• Instructions to follow: Give back an exact copy of the lines from the start of the material through the line bearing "Межкомнатная дверь Палаццо". Include both ends and nothing else.

• Records to use:

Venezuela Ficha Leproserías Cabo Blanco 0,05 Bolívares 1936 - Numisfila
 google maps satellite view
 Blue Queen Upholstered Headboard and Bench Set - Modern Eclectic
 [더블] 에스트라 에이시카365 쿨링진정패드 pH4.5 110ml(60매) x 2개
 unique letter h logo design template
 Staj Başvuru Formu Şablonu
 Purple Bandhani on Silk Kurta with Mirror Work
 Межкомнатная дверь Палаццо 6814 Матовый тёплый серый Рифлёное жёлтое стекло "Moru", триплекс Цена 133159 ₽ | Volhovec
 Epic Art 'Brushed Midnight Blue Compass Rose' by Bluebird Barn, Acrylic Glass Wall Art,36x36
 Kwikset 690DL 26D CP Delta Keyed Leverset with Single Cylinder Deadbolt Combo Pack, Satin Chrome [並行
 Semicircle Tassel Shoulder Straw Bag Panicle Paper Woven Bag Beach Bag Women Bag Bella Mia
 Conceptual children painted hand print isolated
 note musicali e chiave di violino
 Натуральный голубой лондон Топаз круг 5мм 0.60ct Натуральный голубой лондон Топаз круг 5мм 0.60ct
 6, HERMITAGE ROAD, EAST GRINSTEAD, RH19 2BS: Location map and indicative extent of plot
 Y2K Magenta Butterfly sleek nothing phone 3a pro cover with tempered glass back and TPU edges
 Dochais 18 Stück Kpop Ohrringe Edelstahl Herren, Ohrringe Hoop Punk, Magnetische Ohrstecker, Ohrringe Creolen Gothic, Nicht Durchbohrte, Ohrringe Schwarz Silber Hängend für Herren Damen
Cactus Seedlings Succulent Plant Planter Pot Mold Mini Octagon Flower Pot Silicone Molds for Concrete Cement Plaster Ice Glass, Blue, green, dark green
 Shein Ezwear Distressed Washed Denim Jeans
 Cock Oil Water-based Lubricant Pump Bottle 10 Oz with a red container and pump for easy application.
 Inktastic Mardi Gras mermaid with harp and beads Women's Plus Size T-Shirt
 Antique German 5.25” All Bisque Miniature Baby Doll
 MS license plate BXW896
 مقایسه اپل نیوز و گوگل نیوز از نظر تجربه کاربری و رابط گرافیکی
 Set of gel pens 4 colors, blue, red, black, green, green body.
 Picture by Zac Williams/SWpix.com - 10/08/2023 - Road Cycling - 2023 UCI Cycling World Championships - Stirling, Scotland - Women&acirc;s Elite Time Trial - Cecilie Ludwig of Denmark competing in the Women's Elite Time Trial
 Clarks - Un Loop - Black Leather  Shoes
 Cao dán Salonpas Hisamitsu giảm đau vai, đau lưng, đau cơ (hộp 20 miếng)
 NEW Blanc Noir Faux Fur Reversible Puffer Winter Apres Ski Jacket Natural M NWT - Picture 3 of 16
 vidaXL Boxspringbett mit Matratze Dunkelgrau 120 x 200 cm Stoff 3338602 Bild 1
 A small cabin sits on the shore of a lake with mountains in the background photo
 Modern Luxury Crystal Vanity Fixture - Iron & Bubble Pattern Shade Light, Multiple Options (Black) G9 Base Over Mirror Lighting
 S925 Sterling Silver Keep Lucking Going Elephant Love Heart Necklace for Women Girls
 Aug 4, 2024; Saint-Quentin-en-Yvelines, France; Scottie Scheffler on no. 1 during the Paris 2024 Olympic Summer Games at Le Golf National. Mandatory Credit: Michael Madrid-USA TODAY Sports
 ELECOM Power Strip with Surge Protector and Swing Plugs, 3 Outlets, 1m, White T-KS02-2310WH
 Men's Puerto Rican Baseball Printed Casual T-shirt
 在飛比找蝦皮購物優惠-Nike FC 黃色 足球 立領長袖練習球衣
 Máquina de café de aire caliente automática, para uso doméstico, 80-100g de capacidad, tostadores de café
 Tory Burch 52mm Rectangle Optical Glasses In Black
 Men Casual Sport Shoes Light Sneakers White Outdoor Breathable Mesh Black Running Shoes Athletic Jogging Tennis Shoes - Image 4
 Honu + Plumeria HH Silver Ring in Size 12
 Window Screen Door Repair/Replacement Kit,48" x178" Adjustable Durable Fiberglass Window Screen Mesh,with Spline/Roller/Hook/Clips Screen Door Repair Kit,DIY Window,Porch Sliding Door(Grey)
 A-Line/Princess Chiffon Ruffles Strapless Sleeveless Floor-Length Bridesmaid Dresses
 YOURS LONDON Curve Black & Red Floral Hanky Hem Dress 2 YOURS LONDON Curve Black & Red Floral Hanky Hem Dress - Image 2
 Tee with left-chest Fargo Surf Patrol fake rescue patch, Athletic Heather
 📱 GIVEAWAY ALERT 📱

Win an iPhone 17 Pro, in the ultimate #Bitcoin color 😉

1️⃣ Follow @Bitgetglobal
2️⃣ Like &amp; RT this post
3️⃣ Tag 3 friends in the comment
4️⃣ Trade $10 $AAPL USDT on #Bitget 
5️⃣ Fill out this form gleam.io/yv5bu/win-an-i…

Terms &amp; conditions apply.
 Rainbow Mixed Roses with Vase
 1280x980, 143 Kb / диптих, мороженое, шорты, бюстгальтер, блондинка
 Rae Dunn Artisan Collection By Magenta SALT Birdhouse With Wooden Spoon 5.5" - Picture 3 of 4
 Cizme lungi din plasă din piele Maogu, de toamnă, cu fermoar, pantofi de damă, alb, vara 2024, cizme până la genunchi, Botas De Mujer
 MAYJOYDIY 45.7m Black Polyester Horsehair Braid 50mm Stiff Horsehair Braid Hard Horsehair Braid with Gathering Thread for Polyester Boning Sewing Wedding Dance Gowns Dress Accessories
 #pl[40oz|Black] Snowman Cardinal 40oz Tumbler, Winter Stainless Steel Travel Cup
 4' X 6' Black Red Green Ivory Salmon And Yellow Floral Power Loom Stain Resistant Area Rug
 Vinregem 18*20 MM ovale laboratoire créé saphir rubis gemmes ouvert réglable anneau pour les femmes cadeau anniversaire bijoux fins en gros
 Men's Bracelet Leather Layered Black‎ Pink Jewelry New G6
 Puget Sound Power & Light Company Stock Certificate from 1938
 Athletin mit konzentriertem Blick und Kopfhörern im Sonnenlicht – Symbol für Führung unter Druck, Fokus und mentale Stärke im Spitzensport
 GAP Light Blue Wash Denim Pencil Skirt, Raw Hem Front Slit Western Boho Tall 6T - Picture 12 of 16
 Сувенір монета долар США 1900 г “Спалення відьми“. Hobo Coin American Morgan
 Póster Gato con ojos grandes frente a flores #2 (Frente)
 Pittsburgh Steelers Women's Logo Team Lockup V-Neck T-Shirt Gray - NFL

• Result of the exercise:
Venezuela Ficha Leproserías Cabo Blanco 0,05 Bolívares 1936 - Numisfila
 google maps satellite view
 Blue Queen Upholstered Headboard and Bench Set - Modern Eclectic
 [더블] 에스트라 에이시카365 쿨링진정패드 pH4.5 110ml(60매) x 2개
 unique letter h logo design template
 Staj Başvuru Formu Şablonu
 Purple Bandhani on Silk Kurta with Mirror Work
 Межкомнатная дверь Палаццо 6814 Матовый тёплый серый Рифлёное жёлтое стекло "Moru", триплекс Цена 133159 ₽ | Volhovec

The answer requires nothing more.